Mesdames, Messieurs les Députés,
Mesdames, Messieurs les Sénateurs,
Mesdames, Messieurs,

Je voudrais remercier M. BOUVARD, rapporteur spécial du budget du tourisme, d'avoir pris l'initiative de ce colloque et remercier les députés et sénateurs présents, ainsi que toutes les personnalités de la profession.

Le fait que la représentation nationale ait décidé d'une initiative autour du tourisme, me laisse penser qu'un tournant est en train de se réaliser sur l'approche du tourisme dans notre pays.

Déjà, en recréant un département ministériel pour l'activité qui nous concerne, Monsieur le Premier ministre a, en juin dernier, mis un terme à la banalisation de l'activité touristique nationale.

L'existence du secrétariat d'Etat est déjà, par elle-même, l'expression d'une volonté politique à considérer le tourisme (et tant les acteurs de la profession) comme un élément structurant de la société et du pays.

Bien évidemment, la seule volonté du Gouvernement ne saurait suffire à un retournement de situation. L'engagement de la représentation nationale est un nouveau signe vers tous les professionnels et vers les élus locaux qui comptent sur une véritable et durable politique touristique pour la France.

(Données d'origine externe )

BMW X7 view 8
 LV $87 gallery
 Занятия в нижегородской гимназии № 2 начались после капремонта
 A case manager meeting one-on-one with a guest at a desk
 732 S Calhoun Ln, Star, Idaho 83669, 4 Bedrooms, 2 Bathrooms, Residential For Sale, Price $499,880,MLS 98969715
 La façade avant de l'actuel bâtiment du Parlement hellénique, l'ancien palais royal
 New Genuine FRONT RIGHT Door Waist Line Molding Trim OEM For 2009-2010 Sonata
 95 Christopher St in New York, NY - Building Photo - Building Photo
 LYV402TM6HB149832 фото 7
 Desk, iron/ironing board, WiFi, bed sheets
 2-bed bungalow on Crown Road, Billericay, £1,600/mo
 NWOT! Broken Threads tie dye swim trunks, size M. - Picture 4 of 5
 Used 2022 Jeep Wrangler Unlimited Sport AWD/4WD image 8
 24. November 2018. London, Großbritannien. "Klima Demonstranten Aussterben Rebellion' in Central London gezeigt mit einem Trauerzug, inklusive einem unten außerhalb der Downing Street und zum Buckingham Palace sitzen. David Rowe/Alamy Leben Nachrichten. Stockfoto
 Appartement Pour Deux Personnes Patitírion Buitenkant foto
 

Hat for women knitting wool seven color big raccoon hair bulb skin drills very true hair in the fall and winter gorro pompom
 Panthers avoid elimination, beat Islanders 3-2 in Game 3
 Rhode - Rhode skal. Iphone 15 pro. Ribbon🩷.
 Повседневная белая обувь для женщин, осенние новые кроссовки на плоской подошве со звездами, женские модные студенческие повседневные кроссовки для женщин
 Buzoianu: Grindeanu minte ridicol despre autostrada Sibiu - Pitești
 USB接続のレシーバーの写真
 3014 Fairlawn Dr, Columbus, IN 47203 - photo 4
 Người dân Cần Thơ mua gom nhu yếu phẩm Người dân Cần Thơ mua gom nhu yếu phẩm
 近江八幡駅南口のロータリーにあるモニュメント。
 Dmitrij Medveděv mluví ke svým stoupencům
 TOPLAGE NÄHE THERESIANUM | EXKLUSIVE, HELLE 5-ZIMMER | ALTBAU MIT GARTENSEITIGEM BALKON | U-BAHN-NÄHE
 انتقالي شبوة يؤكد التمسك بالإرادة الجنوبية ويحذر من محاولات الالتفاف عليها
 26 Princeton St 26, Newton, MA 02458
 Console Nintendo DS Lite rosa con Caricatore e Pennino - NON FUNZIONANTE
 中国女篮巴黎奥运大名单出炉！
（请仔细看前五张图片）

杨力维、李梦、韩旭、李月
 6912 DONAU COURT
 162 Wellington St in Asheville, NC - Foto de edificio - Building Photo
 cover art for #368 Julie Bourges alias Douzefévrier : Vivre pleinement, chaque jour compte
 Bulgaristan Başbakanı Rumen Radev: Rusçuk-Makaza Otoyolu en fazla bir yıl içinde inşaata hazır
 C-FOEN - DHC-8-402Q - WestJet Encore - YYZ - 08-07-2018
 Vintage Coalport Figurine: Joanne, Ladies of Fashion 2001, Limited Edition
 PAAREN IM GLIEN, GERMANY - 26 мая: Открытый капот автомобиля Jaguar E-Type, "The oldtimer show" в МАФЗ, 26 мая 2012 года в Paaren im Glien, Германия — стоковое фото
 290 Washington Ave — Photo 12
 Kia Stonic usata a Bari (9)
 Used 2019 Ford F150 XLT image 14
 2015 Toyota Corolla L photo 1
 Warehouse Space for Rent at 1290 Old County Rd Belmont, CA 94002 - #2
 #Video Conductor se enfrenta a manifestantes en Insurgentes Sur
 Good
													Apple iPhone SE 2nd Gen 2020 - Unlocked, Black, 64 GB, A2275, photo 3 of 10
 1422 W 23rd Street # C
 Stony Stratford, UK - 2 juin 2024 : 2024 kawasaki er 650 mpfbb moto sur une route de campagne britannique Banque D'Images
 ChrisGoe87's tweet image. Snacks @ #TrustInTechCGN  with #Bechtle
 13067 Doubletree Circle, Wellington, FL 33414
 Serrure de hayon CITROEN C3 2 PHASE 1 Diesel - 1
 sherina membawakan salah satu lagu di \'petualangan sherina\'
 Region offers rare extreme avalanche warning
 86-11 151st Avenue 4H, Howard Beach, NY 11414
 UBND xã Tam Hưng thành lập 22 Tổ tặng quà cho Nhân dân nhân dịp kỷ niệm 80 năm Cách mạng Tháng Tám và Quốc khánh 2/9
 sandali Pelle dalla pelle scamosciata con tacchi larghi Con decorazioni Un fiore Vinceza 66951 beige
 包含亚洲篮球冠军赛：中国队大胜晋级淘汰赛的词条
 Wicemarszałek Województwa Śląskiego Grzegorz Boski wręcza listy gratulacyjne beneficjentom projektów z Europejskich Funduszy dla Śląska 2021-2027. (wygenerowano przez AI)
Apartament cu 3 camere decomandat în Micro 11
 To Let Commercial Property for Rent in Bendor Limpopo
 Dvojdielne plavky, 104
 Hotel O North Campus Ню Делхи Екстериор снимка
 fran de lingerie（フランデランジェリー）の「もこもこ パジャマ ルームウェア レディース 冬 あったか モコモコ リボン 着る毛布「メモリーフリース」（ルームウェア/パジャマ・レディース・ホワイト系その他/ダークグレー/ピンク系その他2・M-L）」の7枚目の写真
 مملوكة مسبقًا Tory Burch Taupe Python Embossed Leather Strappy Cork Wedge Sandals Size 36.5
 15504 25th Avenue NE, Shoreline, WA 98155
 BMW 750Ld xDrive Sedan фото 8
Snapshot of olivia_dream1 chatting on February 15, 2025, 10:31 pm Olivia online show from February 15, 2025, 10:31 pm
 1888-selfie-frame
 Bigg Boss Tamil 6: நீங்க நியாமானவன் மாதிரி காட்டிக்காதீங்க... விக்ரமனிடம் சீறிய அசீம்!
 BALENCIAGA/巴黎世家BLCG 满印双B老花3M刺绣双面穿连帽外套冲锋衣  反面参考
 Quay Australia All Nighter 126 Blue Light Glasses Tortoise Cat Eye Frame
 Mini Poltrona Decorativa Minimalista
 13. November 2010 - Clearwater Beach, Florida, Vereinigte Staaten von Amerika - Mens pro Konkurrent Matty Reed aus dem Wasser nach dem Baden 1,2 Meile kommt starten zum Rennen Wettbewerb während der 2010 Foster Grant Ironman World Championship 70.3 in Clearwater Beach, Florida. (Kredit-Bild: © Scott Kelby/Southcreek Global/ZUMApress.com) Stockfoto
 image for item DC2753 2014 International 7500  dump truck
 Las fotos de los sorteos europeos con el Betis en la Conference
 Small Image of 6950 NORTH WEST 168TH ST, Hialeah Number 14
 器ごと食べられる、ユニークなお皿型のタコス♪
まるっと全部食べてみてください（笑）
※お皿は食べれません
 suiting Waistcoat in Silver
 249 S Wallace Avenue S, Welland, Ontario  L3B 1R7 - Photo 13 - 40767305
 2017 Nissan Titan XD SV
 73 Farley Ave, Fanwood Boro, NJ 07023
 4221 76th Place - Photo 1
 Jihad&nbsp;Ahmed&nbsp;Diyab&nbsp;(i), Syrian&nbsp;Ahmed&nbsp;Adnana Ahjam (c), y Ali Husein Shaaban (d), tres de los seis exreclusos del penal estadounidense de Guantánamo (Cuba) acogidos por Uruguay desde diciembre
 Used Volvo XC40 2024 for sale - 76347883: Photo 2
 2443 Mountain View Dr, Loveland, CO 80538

Pour ce qui concerne ma responsabilité, je souhaite que chacun d'entre vous sache que mon intention est de favoriser l'expression et l'initiative parlementaire et celle des acteurs de terrain que sont les professionnels, les collectivités locales et territoriales, pour lesquelles j'ai la plus grande attention.

Les actes du colloque de ce jour seront pour mon ministère de précieux témoignages pour impulser une politique hardie, moderne et toujours plus innovatrice.

Il serait malvenu et irrespectueux de ma part, si dès l'ouverture de ce colloque, j'apportais des avis définitifs sur les thèmes de vos ateliers. C'est pourquoi je limiterai mon intervention aux grands axes de la politique que je souhaite impulser pour le développement du tourisme.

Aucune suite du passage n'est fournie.